§ TASK STATEMENT
Every line of the data below must be output exactly, with images left out.

________________________

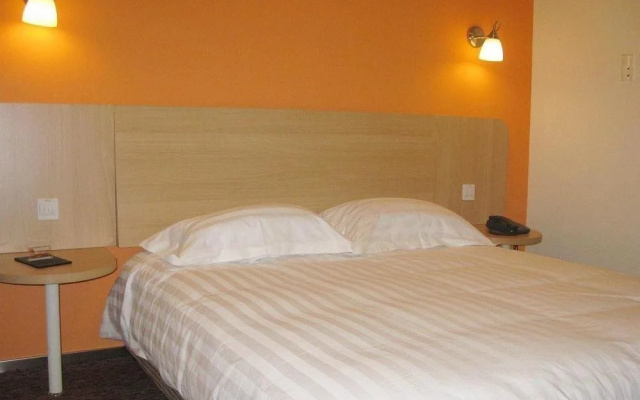 Motel 168 - Shanghai Jinqiao Road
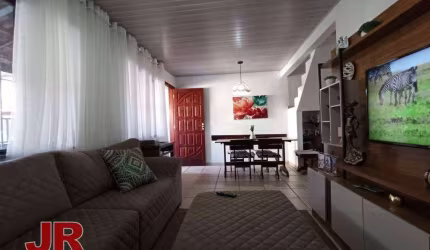 Casa com 4 dormitórios à venda, 160 m² por R$ 720.000,00 - Braga - Cabo Frio/RJ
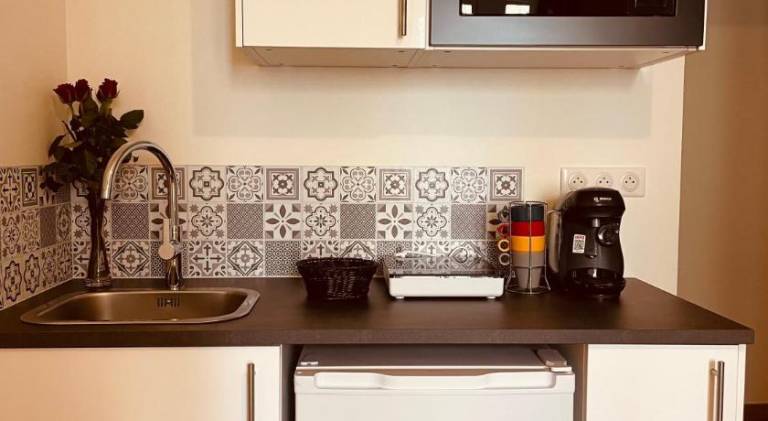 Pleasant serviced apartment | Pets are welcome — photo 5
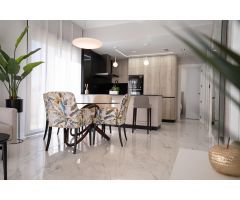 Bungalow en Venta en Pilar de la Horadada, Alicante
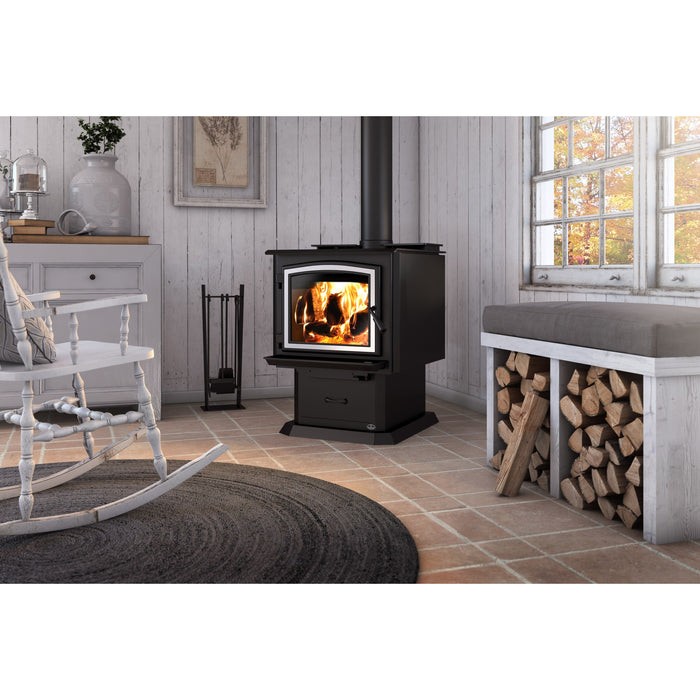 Osburn 3300 Wood Stove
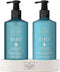 Sea Kelp Handverzorging Set 2x 300ml Gerecyclede fles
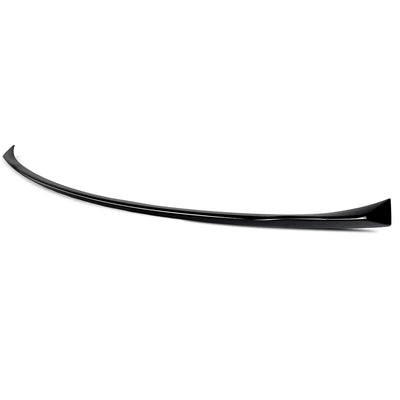 Becquet de Coffre BMW X5 G05 Style M 2019-2024 - vue de profil - Becquet Voiture
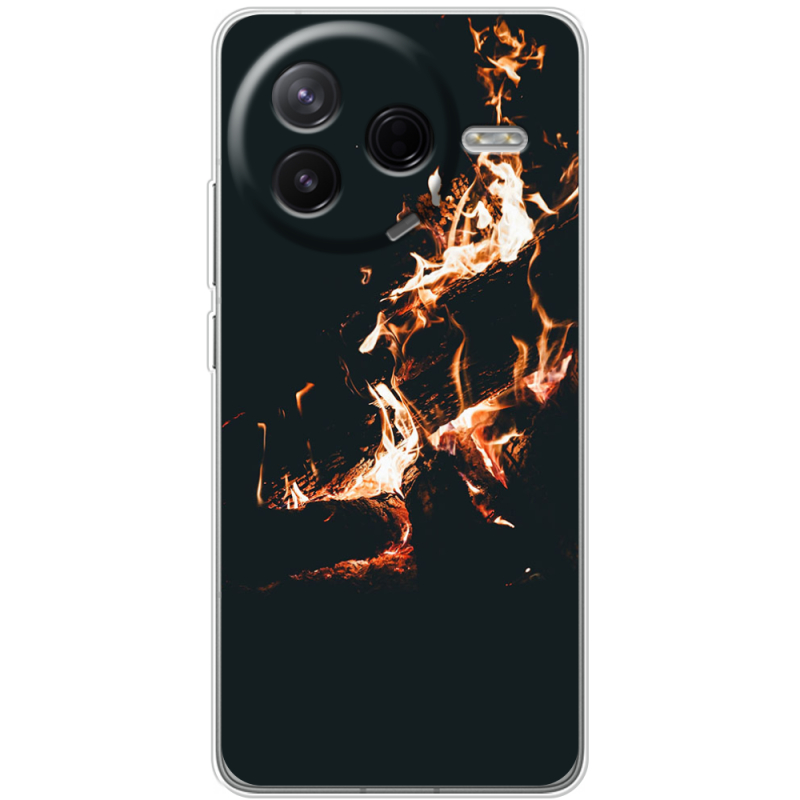 Чохол BoxFace Poco F7 Pro 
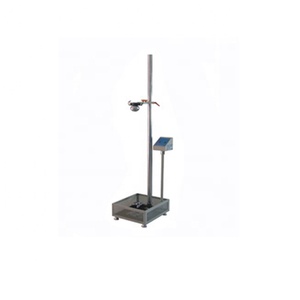Falling <span class=keywords><strong>Ball</strong></span> Impact Tester Stahlkugel-Fall prüfgeräte - Product Image 2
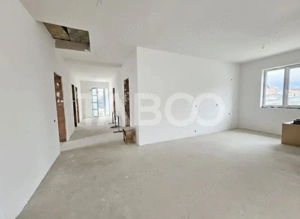 Casa individuala pe un singur nivel 4 camere teren 500 mp - imagine 7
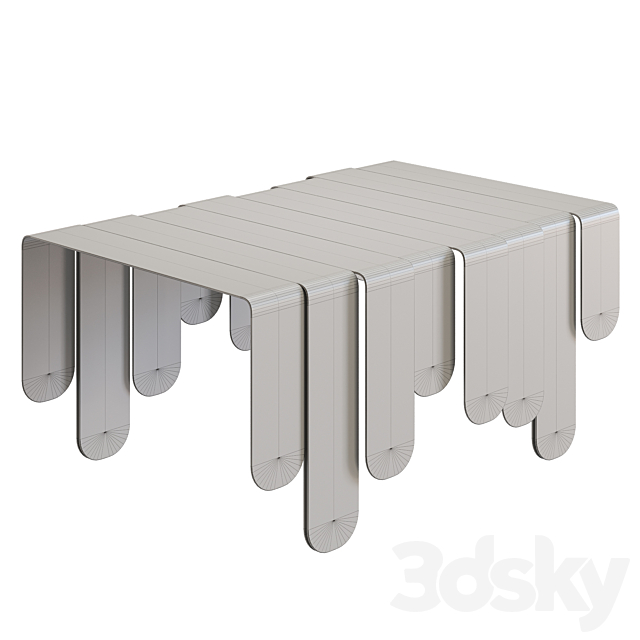 3D Model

________________________

§ WRITTEN SOLUTION
 Motel 168 - Shanghai Jinqiao Road
 Casa com 4 dormitórios à venda, 160 m² por R$ 720.000,00 - Braga - Cabo Frio/RJ
 Pleasant serviced apartment | Pets are welcome — photo 5
 Bungalow en Venta en Pilar de la Horadada, Alicante
 Osburn 3300 Wood Stove
 Sea Kelp Handverzorging Set 2x 300ml Gerecyclede fles
 Becquet de Coffre BMW X5 G05 Style M 2019-2024 - vue de profil - Becquet Voiture
 Чохол BoxFace Poco F7 Pro 
Falling <span class=keywords><strong>Ball</strong></span> Impact Tester Stahlkugel-Fall prüfgeräte - Product Image 2
 Casa individuala pe un singur nivel 4 camere teren 500 mp - imagine 7
 3D Model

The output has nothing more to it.